Your objective. Pictures in the records below must be left out. Return exactly the lines from the line with "2022动物保护法狗(动物保护法包括狗吗)" to the line with "1ª EDIÇÃO DESAFIO ABELHA GRANDE - XCM", both included.

Supplied material.
□ □ □ □ □
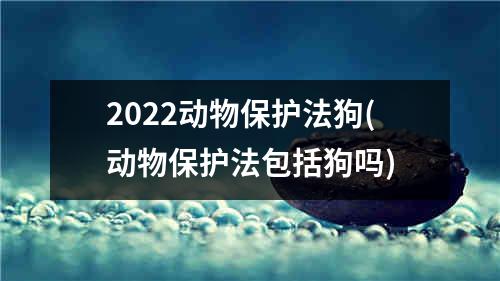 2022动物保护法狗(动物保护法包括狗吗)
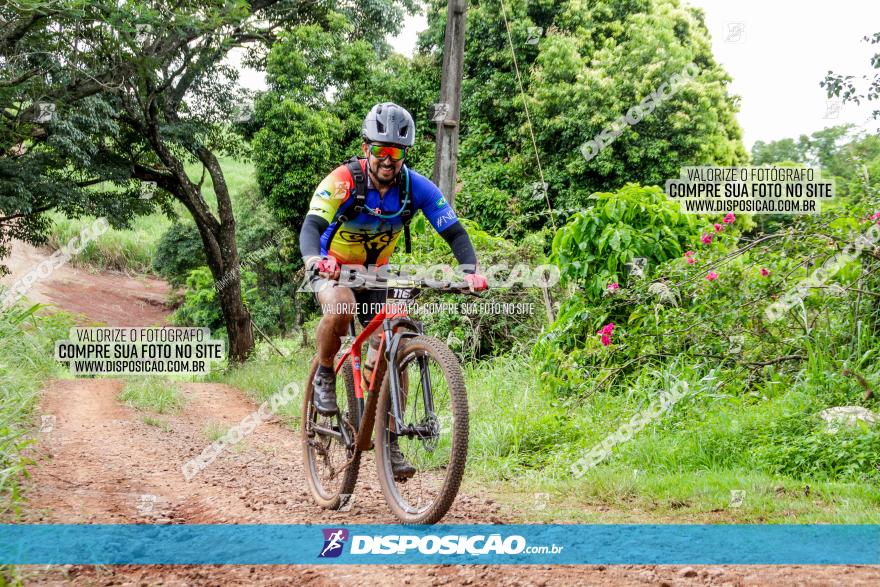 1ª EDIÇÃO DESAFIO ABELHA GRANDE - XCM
□ □ □ □ □
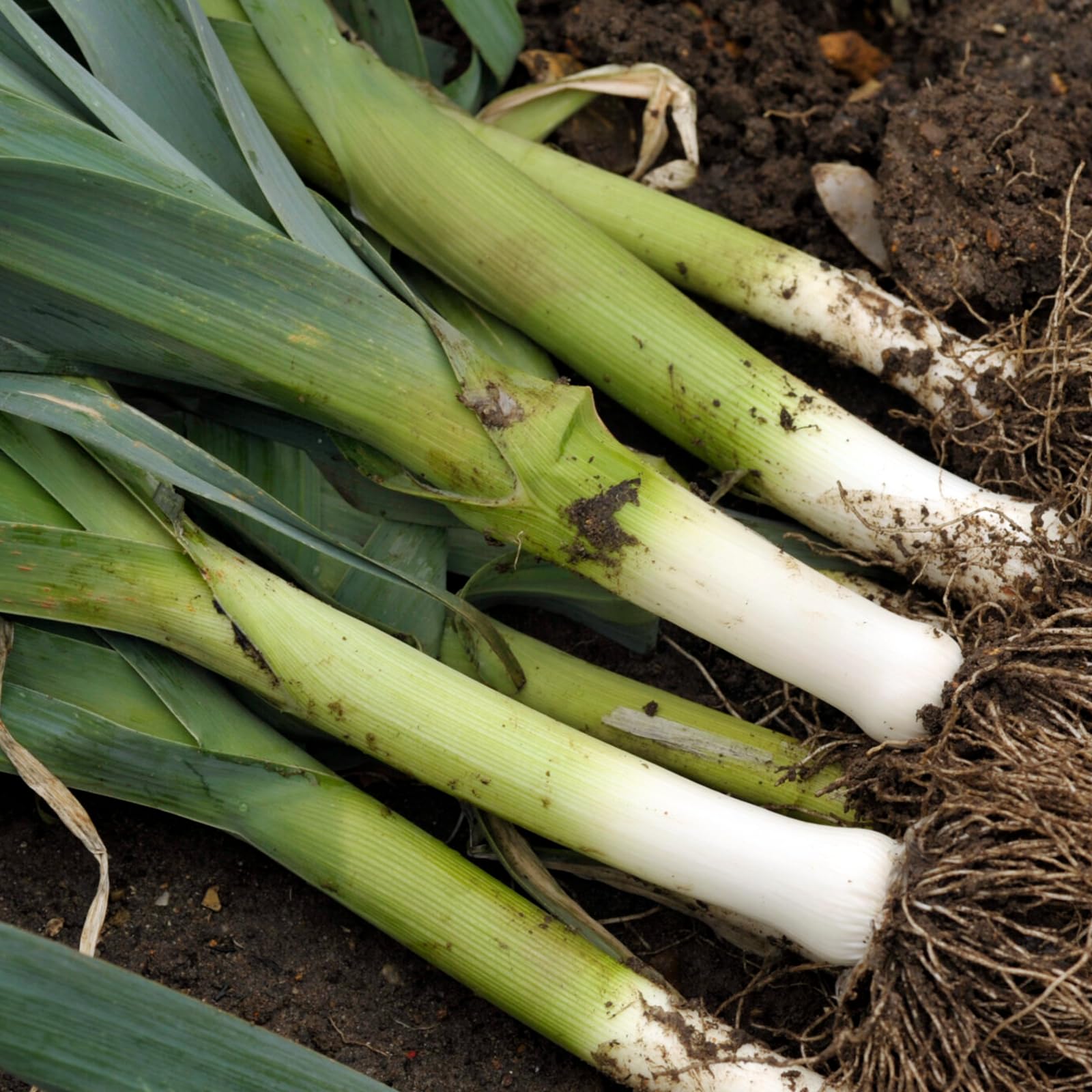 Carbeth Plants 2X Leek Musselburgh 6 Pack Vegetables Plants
□ □ □ □ □
Task answer.
 2022动物保护法狗(动物保护法包括狗吗)
 1ª EDIÇÃO DESAFIO ABELHA GRANDE - XCM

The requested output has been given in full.